Write out each entry below exactly. Do not include the images.

Caption-style text data:

_ _ _

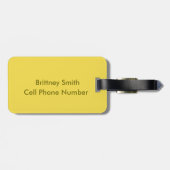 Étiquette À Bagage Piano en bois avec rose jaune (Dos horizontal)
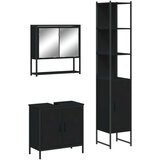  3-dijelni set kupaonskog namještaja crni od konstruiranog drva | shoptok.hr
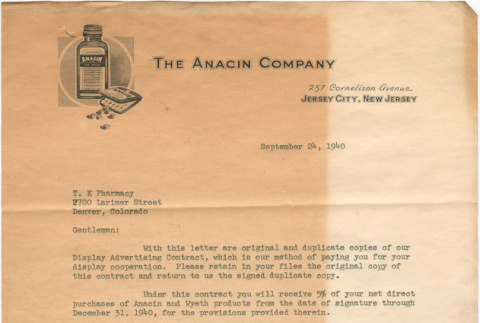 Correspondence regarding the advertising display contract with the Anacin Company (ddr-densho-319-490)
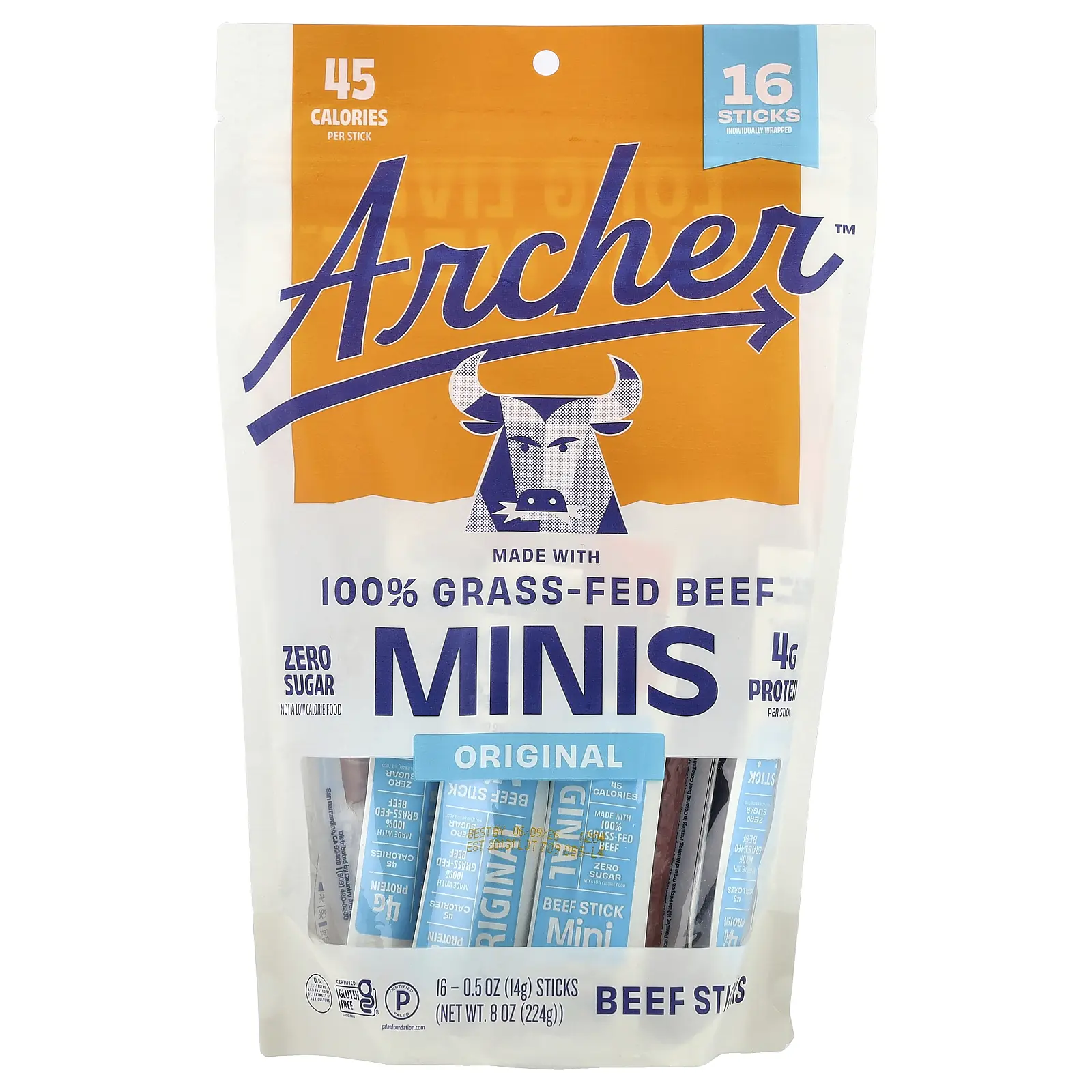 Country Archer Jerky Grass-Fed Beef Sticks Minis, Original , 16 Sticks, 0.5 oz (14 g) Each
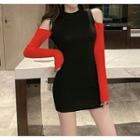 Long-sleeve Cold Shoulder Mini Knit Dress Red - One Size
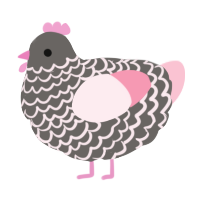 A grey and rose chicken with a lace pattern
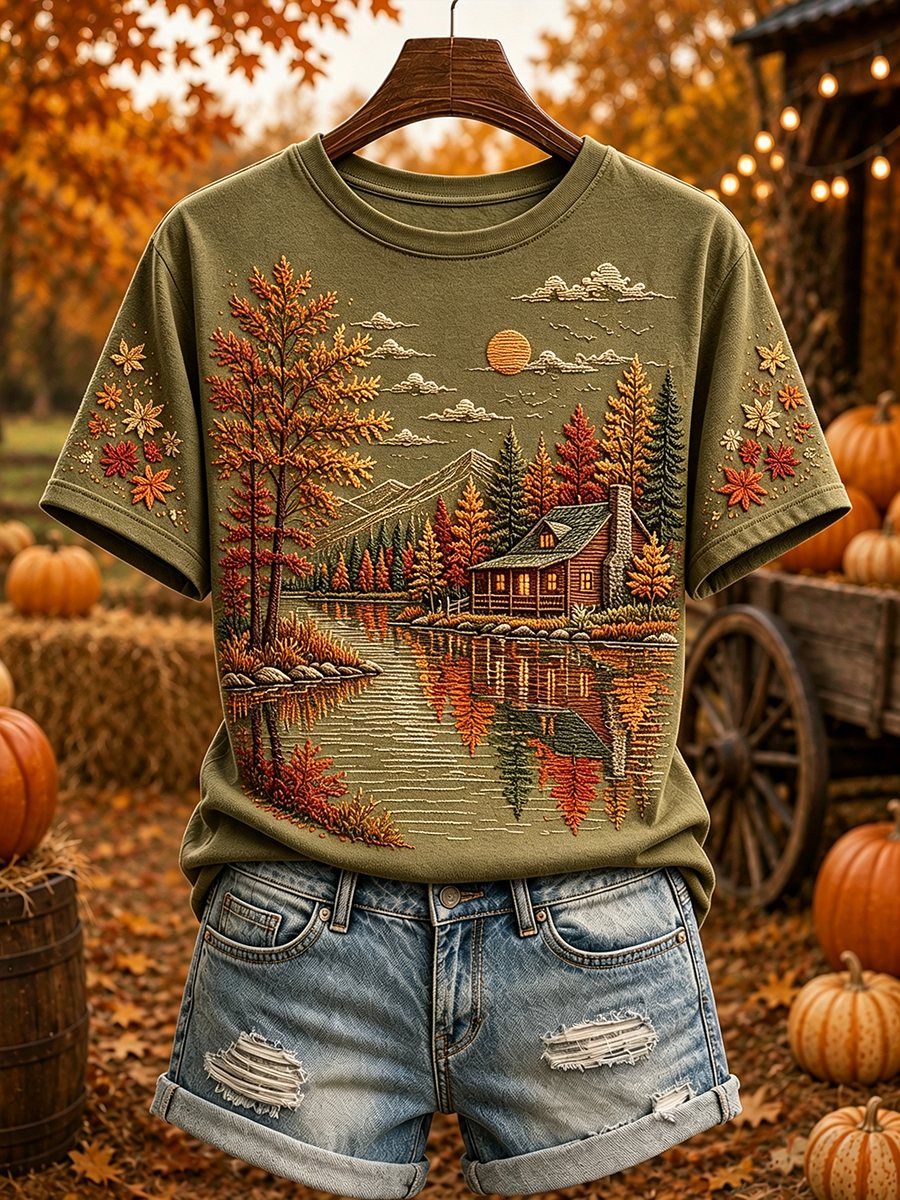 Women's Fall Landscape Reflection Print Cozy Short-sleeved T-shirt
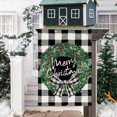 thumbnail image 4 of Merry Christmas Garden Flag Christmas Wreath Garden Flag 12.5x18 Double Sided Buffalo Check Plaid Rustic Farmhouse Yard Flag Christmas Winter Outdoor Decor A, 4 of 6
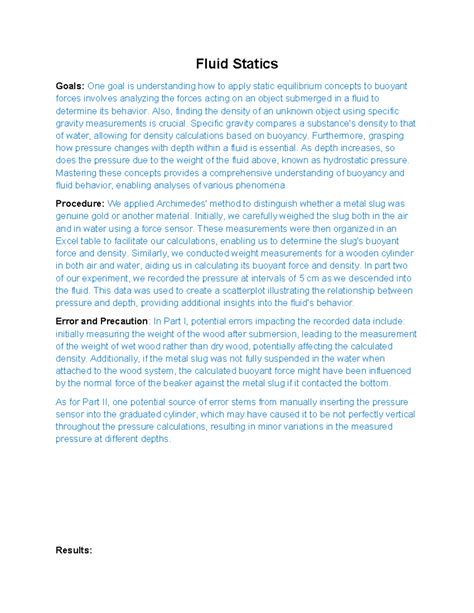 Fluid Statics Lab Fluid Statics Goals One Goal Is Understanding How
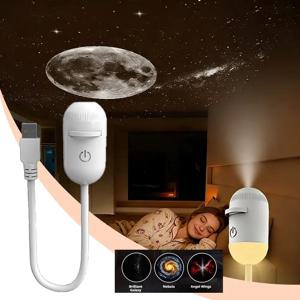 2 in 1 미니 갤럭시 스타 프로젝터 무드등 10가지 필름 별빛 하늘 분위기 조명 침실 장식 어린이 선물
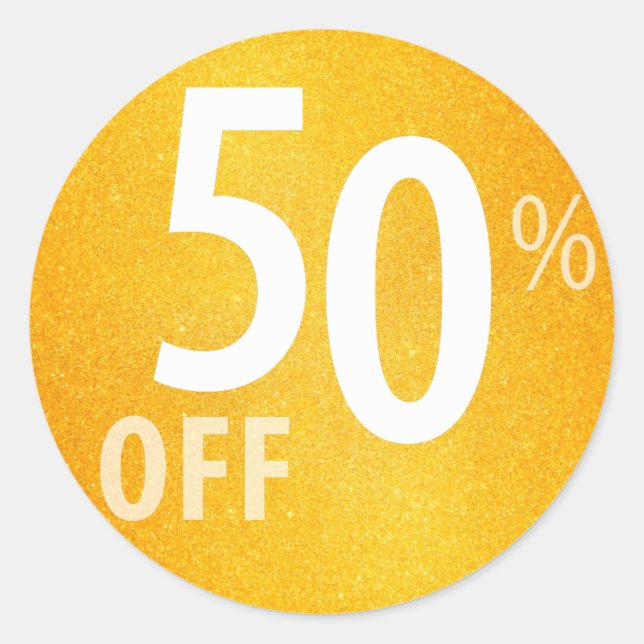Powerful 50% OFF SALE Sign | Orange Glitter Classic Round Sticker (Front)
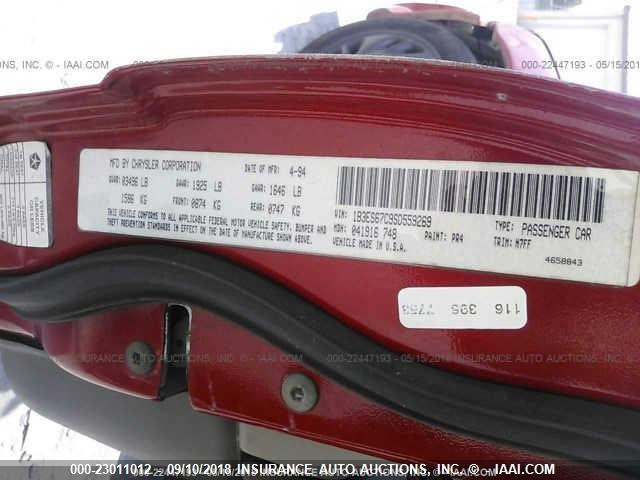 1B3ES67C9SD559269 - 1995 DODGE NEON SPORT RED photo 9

_ _ _

◆ Exercise solution ◆
 Étiquette À Bagage Piano en bois avec rose jaune (Dos horizontal)
  3-dijelni set kupaonskog namještaja crni od konstruiranog drva | shoptok.hr
 Correspondence regarding the advertising display contract with the Anacin Company (ddr-densho-319-490)
 Country Archer Jerky Grass-Fed Beef Sticks Minis, Original , 16 Sticks, 0.5 oz (14 g) Each
 Long-sleeve Cold Shoulder Mini Knit Dress Red - One Size
 A grey and rose chicken with a lace pattern
 Women's Fall Landscape Reflection Print Cozy Short-sleeved T-shirt
 thumbnail image 4 of Merry Christmas Garden Flag Christmas Wreath Garden Flag 12.5x18 Double Sided Buffalo Check Plaid Rustic Farmhouse Yard Flag Christmas Winter Outdoor Decor A, 4 of 6
 Fluid Statics Lab Fluid Statics Goals One Goal Is Understanding How
 2 in 1 미니 갤럭시 스타 프로젝터 무드등 10가지 필름 별빛 하늘 분위기 조명 침실 장식 어린이 선물
Powerful 50% OFF SALE Sign | Orange Glitter Classic Round Sticker (Front)
 1B3ES67C9SD559269 - 1995 DODGE NEON SPORT RED photo 9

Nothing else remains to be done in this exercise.